The Hague-based court has no authority in Russia, President Vladimir Putin's spokesman has said
Moscow is under no obligation to acknowledge the "arrest warrant" for President Vladimir Putin announced by the International Criminal Court on Friday, Kremlin spokesman Dmitry Peskov has said.
"We consider the very premise outrageous and unacceptable," Peskov told reporters when asked about the warrant for purported war crimes. "Russia, like many other states, does not recognize the jurisdiction of this court. Accordingly, the Russian Federation considers any of its pronouncements null and void from the legal standpoint."
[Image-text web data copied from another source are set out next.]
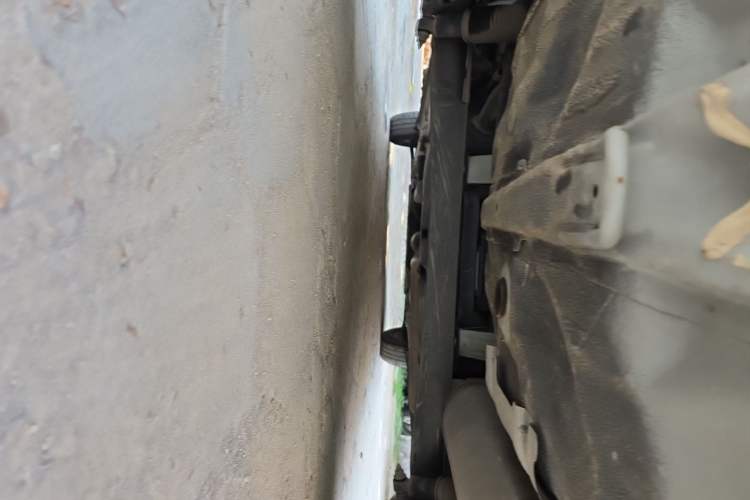Used Hyundai Verna (older generation) 2016 1.4L Manual Smart GLS Trim Chassis Rear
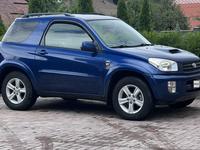 Toyota RAV4 2002 годаүшін4 500 000 тг. в Алматы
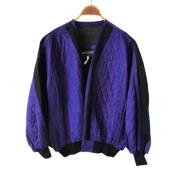 Balmain Pre-owned Pre-owned Jackets Purple, Dam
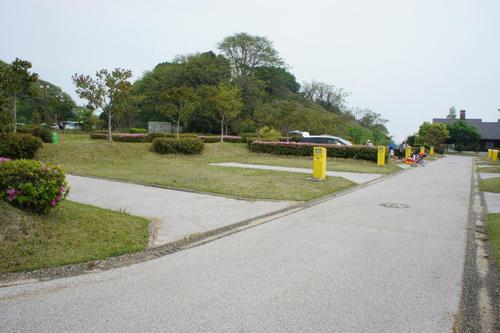 竜王山公園オートキャンプ場ⅳ【サイト紹介篇】(130427-)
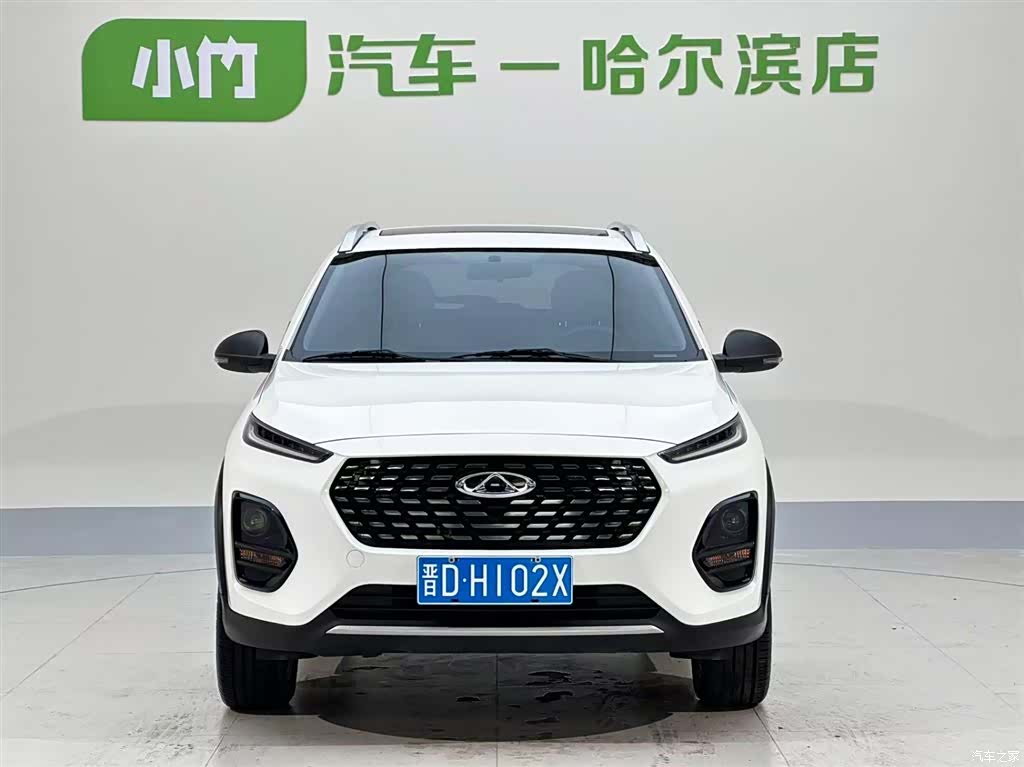 Chery 3x, 2022 все фото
The ICC on Friday issued warrants for the arrest of Putin and Russia's Children's Ombudsman Maria Lvova-Belova, accusing them of "unlawful transfer" of children from Ukraine to Russia. They claim Putin and Lvova-Belova bear both individual and command responsibility for the alleged war crime.
The Russian authorities have evacuated thousands of residents from Donetsk, Lugansk, Zaporozhye and Kherson - four regions that overwhelmingly voted to join Russia last September - to the interior, due the deliberate shelling of civilians by Ukrainian forces, often using NATO-supplied weapons.
Neither Russia nor Ukraine have ratified the Rome Statute that established the ICC. The US, which underwrote the tribunals for Yugoslavia and Rwanda on which the ICC was based, adopted a law authorizing a military invasion of the Netherlands if any American is ever detained by the court.